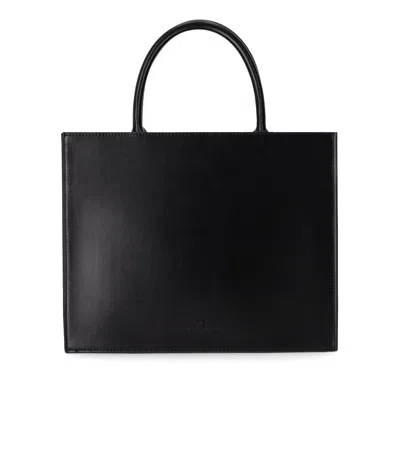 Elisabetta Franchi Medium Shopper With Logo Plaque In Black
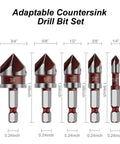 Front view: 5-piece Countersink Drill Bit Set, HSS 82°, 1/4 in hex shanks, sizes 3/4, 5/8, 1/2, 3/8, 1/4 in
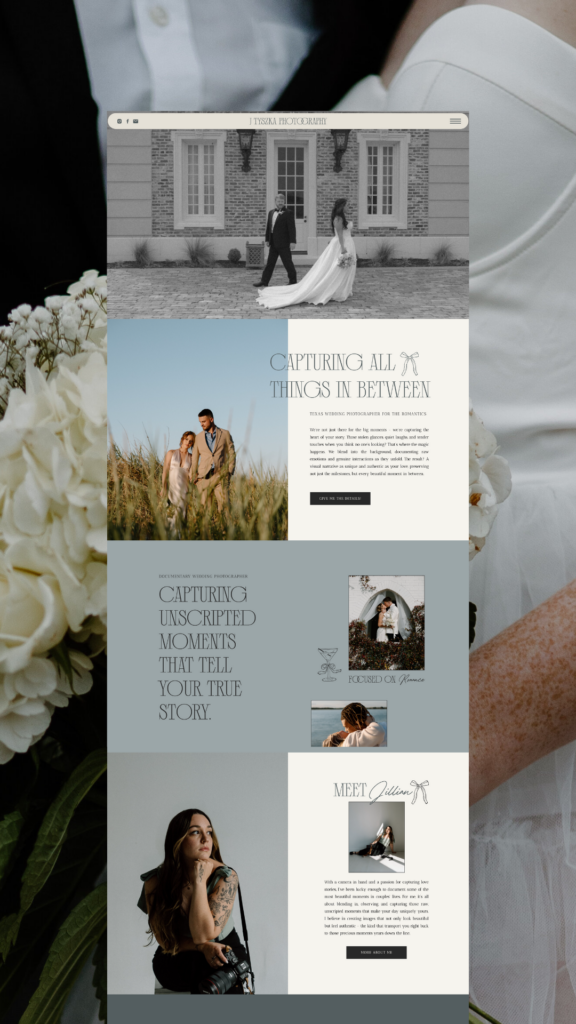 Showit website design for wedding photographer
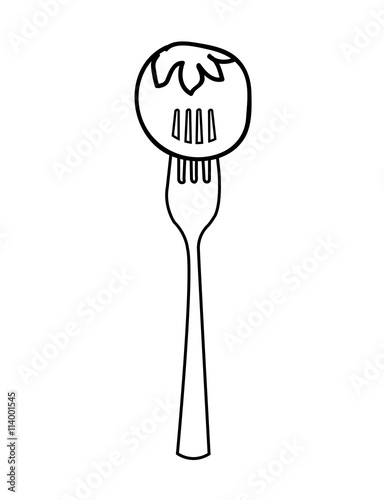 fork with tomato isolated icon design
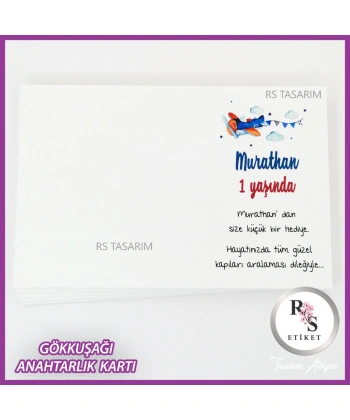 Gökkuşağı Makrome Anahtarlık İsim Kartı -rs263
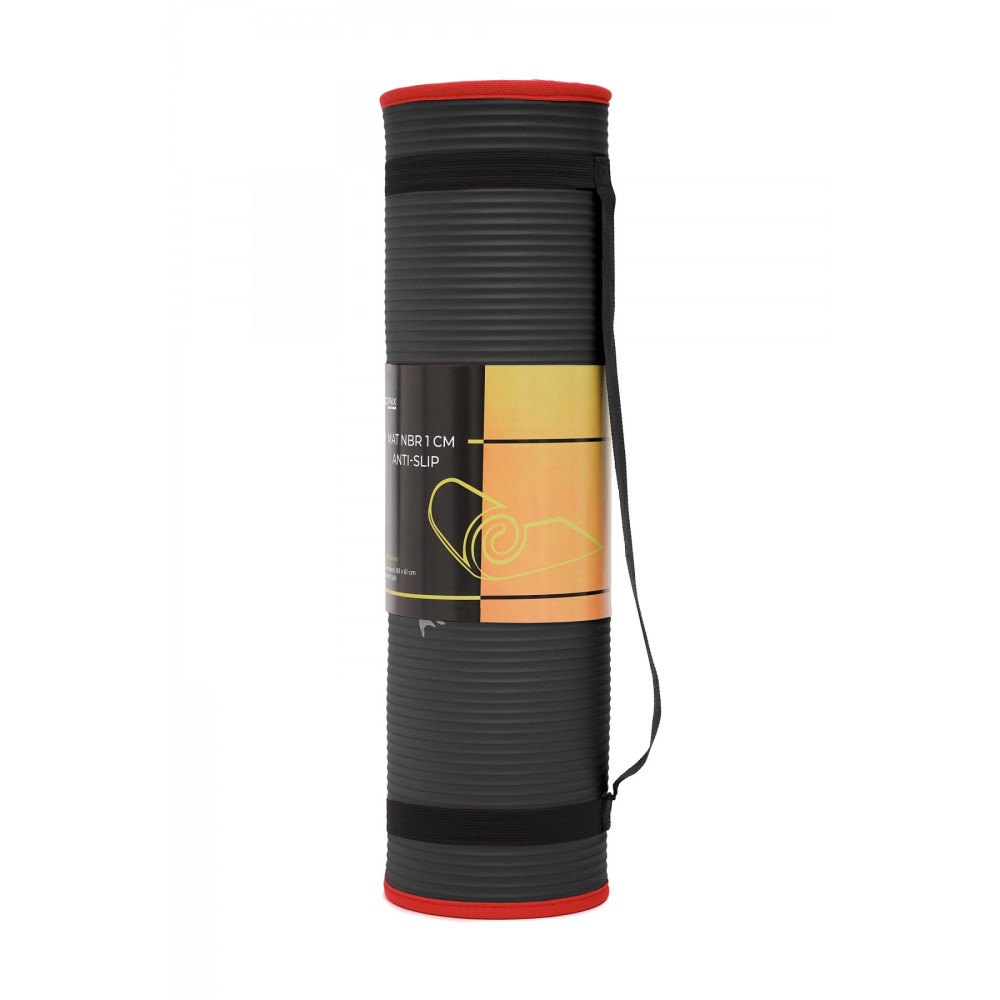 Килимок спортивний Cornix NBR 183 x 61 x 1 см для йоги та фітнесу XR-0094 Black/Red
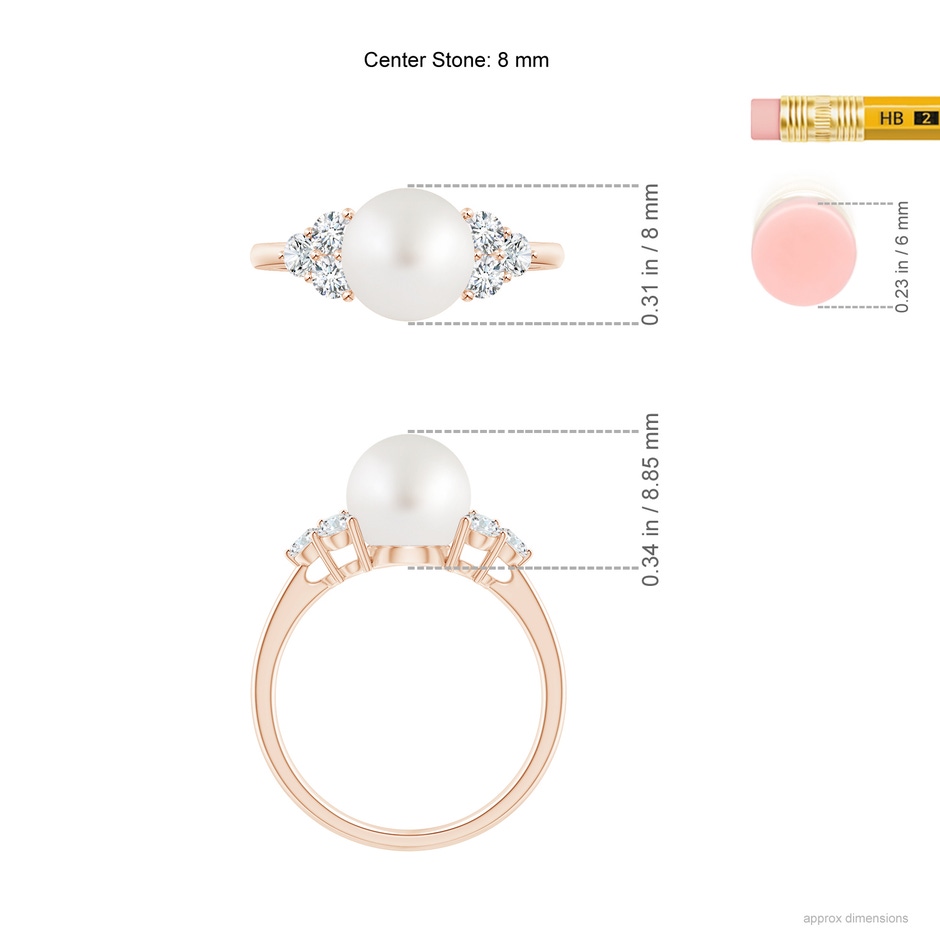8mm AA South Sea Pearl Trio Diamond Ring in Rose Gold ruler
____________
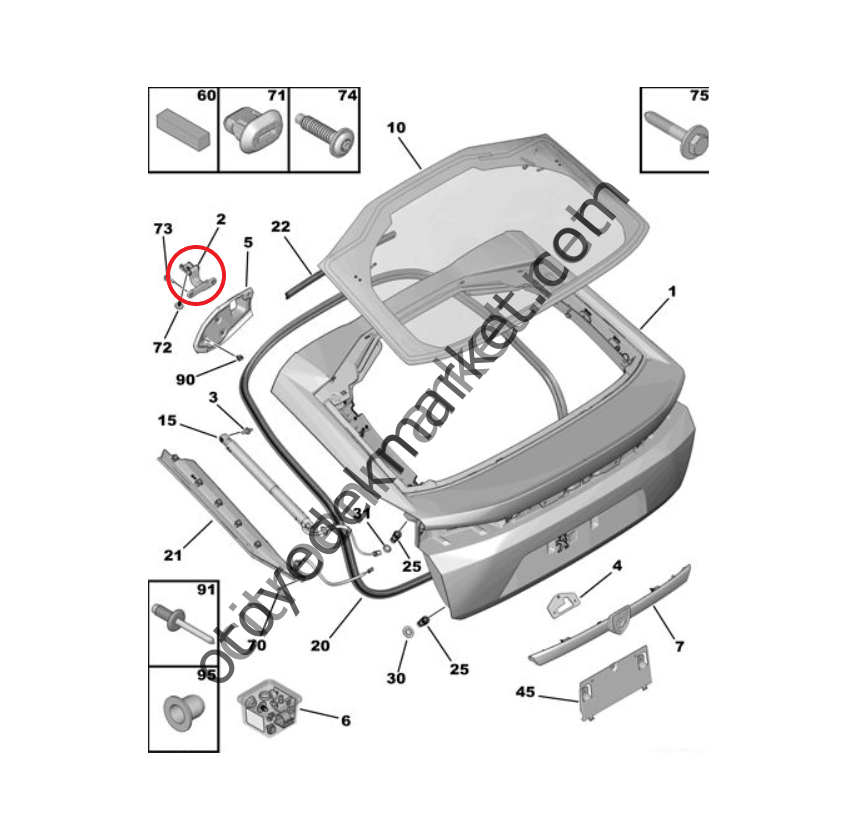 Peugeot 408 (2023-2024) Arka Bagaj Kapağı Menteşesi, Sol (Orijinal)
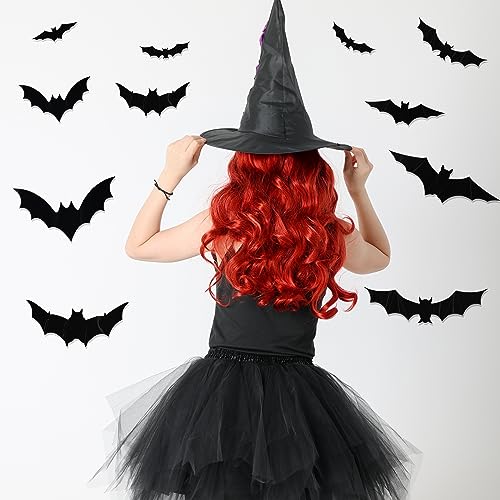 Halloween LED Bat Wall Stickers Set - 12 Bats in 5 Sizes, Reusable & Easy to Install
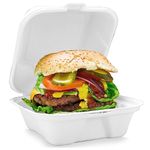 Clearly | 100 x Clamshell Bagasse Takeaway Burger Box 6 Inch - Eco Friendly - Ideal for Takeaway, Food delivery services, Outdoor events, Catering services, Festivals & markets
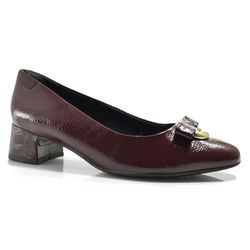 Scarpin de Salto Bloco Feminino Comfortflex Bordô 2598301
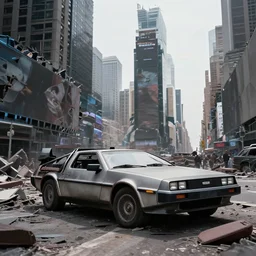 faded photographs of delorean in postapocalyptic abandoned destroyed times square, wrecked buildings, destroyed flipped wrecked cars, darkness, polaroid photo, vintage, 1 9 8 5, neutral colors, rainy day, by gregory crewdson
____________
▸ **Task instructions**
Copy back exactly the lines above from the one containing "Clearly | 100" through the one containing "faded photographs of", and leave every picture behind.

▸ **The answer**
 Clearly | 100 x Clamshell Bagasse Takeaway Burger Box 6 Inch - Eco Friendly - Ideal for Takeaway, Food delivery services, Outdoor events, Catering services, Festivals & markets
 Scarpin de Salto Bloco Feminino Comfortflex Bordô 2598301
 faded photographs of delorean in postapocalyptic abandoned destroyed times square, wrecked buildings, destroyed flipped wrecked cars, darkness, polaroid photo, vintage, 1 9 8 5, neutral colors, rainy day, by gregory crewdson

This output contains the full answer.